What is the hashCode for a custom class having just two int properties?

Sophie Sperner picture Sophie Sperner · Jul 31, 2012 · Viewed 22.9k times · Source

In Java, I have a class that represents a point with int coordinates

public class Point {
    int x = -1;
    int y = -1;

    public Point (int xNew, int yNew) {
        x = xNew; y = yNew;
    }

    public boolean equals (Object o) {
        // no need for (o instanceof Point) by design
        return x == ((Point)o).x && y == ((Point)o).y;
    }
}

I'm using objects of class Point as keys in a HashMap and as elements in a HashSet.

What would be the best candidate for the hashCode function? I would make it double so that the left part is x and the right part is y, for example: x = 4, y = 12, then the hashCode returns 4.12. But by the implementation, it cannot be double, only int.

This is not an option:

public int hashCode() {
    // no need to check for exception parseInt since x and y are valid by design
    return Integer.parseInt(Integer.toString(x) + Integer.toString(y));
}

because values x and y can be too long, so that together they will not be converted.

Answer

Jon Skeet picture Jon Skeet · Jul 31, 2012

You can't change the type of hashCode, nor should you want to.

I'd just go with something like:

public int hashCode() {
    return x * 31 + y;
}

Note that this means that (a, b) is different to (b, a) for most cases (unlike e.g. adding or XOR-ing). This can be useful if you often end up with keys for the "switched" values in real life.

It isn't unique - but hash codes don't have to be. They just have to be the same for equal values (for correctness), and (for efficiency) "usually" different for non-equal values, with a reasonable distribution.

In general, I usually follow the same kind of pattern as Josh Bloch suggests in Effective Java:

public int hashCode() {
    int hash = 17;
    hash = hash * 31 + field1Hash;
    hash = hash * 31 + field2Hash;
    hash = hash * 31 + field3Hash;
    hash = hash * 31 + field4Hash;
    ...
    return hash;
}

Where field1Hash would be the hash code for reference type fields (or 0 for a null reference), the int itself for int values, some sort of hash from 64 bits to 32 for long etc.

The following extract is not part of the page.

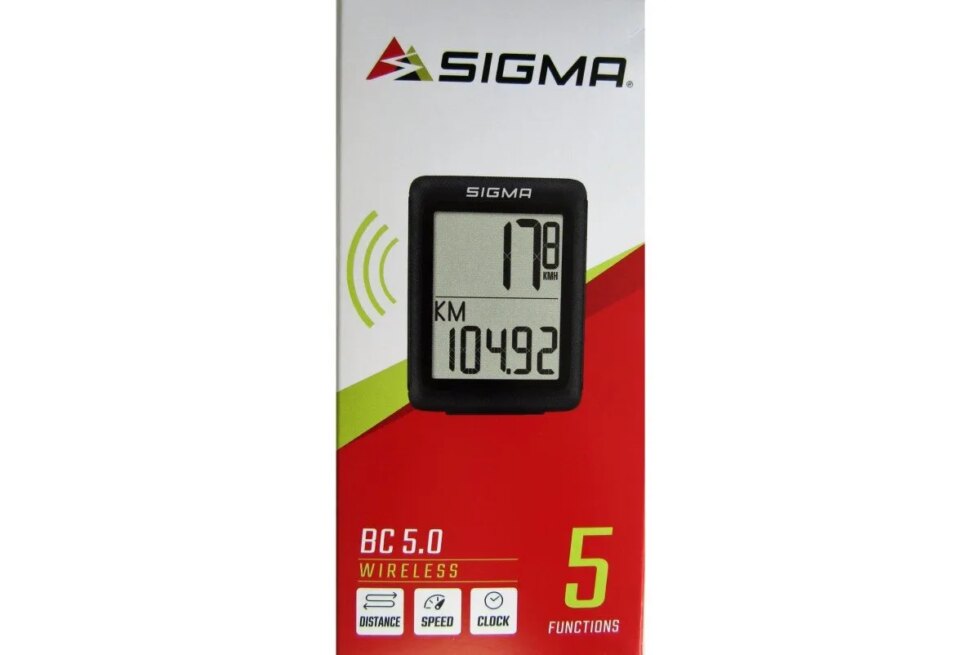 Sigma fietscomputer BC 5.0 WL ATS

EDIT: I can't remember the details of why 31 and 17 work well together. The fact that they're both prime may be useful - but from what I remember, the maths behind why hashes like this are generally reasonable (though not as good as hashes where the distribution of likely values is known in advance) is either difficult or not well understood. I know that multiplying by 31 is cheap (shift left 5 and subtract the original value)...